British Academy awards Global Professorship to Dr Erich Round
We are delighted to announce that Dr Erich Round has been awarded the position of British Academy Global Professor, within the Surrey Morphology Group, at the University of Surrey.
Award-holders under the Global Professorships programme will lead research across a broad range of disciplines from the humanities and social sciences, with Dr Round’s project: Accelerating our Discovery of the Linguistic Past, focusing on the understanding of our global human past through linguistics.
Global Professorships provide scholars with the opportunity to relocate to the UK for four years to pursue individual research goals while contributing to UK research and higher education.
This appointment provides Dr Erich Round with the opportunity to expand the foundations of an evolutionary theory of linguistic systems of word formation, such as verb conjugations and noun declensions. The aim is to create new opportunities for the evaluation, refinement and exploration of our scientific understanding of language change. In doing so, the project emphasises interdisciplinary parallels between theories in linguistics and related models in fields such as cultural evolution, and seeks to demystify the potential of mathematical modelling for scholarly inquiry into linguistic history.
Prior to this appointment, Dr Erich Round was on secondment as a Research Group Leader at the Max Planck Institute for the Science of Human History, Jena, Germany, and in 2018 was a British Academy Rutherford Fellow hosted by the Surrey Morphology Group. Dr Round was also a National Science Foundation Postdoctoral Associate at Yale University, where he received his PhD in Linguistics.

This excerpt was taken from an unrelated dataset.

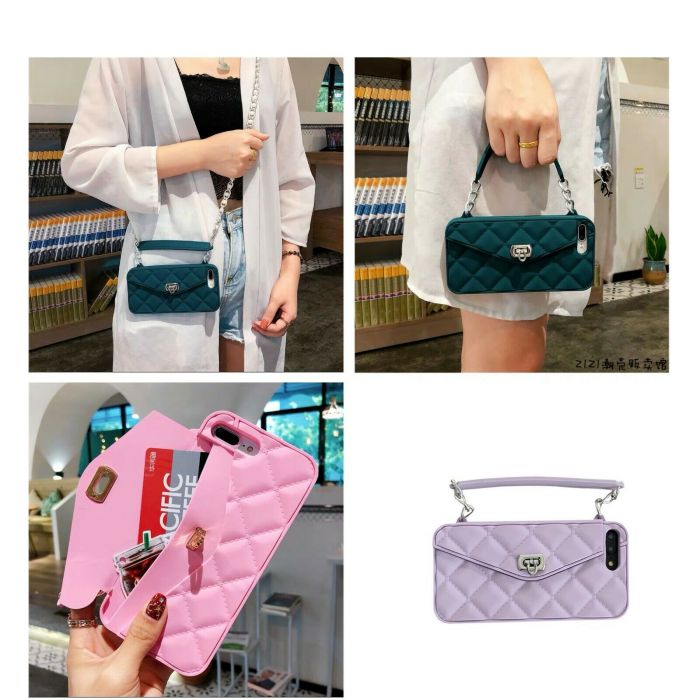 For iPhone X XS MAX 7 8 Handbag Crossbody Chain Wallet Strap Card Case Cover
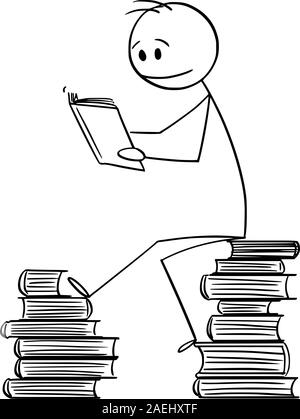 Vektor cartoon Strichmännchen Zeichnen konzeptionelle Darstellung der Mann sitzt auf Stapel Bücher und lesen ein Buch. Stock Vektor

Regarding his new appointment, Dr Erich Round said: “I’m excited to be joining the world's leading research group in morphology at the University of Surrey, and to do so under the auspices of such a prestigious British Academy programme. I look forward to conducting grounding-breaking new research into the evolutionary trajectories of human languages, in a highly stimulating environment at the Surrey Morphology Group.”